As middle class families strive to keep up with the economic success of others in society, career-focused mothers are an essential part of the family’s material progress. The excess labor created by the older generation, often sharing the same house, provides the opportunity for Chinese women to resume their careers at full steam after childbirth.
For many families in first and second tier cities, childbirth is planned and co-coordinated with the mother’s career opportunities. Planning is possible due to the reality that only one child will be born, meaning motherhood tends to be pigeonholed rather than becoming the overriding role for Chinese women.
The pragmatic way that motherhood is viewed in China was highlighted by the popularity of professional wet nurses in the aftermath of the tainted milk crisis in 2008. From this perspective, Chinese mothers are often pushed out of motherhood in the early years of the child’s life so they can pursue what is considered to be the wider interest of the family.
The expectation of being a super-woman is nothing new to Chinese mothers. Recent Communist folklore is full of examples of female heroines who de-emphasized motherhood in pursuit of wider revolutionary causes.
Modern superwomen are also prominent in contemporary popular culture. Yang Lan, a celebrity and mother, hosts a TV show and e-zine called “Her Village” that focuses on helping professional Chinese women deal with the multiple expectations they face. For Chinese mothers, the combined roles of professional woman, family manager, dutiful wife, and mother impose a considerable emotional and psychological burden.
For marketers, this reality provides many opportunities. Unlike other markets where childbirth often places women in a unique consumer segment, women in China do not necessarily see motherhood as a definitive marker for attitude and behavior.
Due to the less involved nature of motherhood, Chinese mums tend to maintain, and even increase, discretionary spending on personal items such as beauty, socializing, and luxury products. This is partially considered a reward (both personal and from the family), for providing a child, a huge relief for shrinking Chinese families.
The more self-rewarding nature of motherhood is the focus of the new online and outdoor campaign for P&G’s washing powder brand Ariel Bilang – “The Artist”. The theme draws the link between housework and fashion, suggesting the product can help mothers to be confident, successful and sophisticated professionals. The brand partners with Cosmopolitan magazine to showcase the idea of “looking great”.
A major challenge is how to present motherhood in a way that resonates with China’s modern professional mothers. In consumer branding, this probably requires thinking carefully about talking to women beyond their role as a mother. Brands that can identify touch points around what it means to deal with everything else and still be a mum stand a stronger chance of connecting.

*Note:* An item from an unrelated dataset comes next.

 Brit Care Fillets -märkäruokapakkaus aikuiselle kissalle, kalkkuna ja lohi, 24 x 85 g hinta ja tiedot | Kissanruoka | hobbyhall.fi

In advertising and retail spaces, one-dimensional portrayals of mother and child risk irritating rather than acknowledging the true role of Chinese mothers. The key lies in talking to a new kind of Chinese mum who is both materially empowered and emotionally constrained by the realities of rapid economic and social change.
So the keys to successfully marketing to Chinese mums:
1. Talk to mothers as modern and motivated women, not just mums with a sideline
2. Avoid contextualizing mums as “older” – actual behavior is not markedly different than before childbirth. Messaging should be uplifting, modern and age-blurred.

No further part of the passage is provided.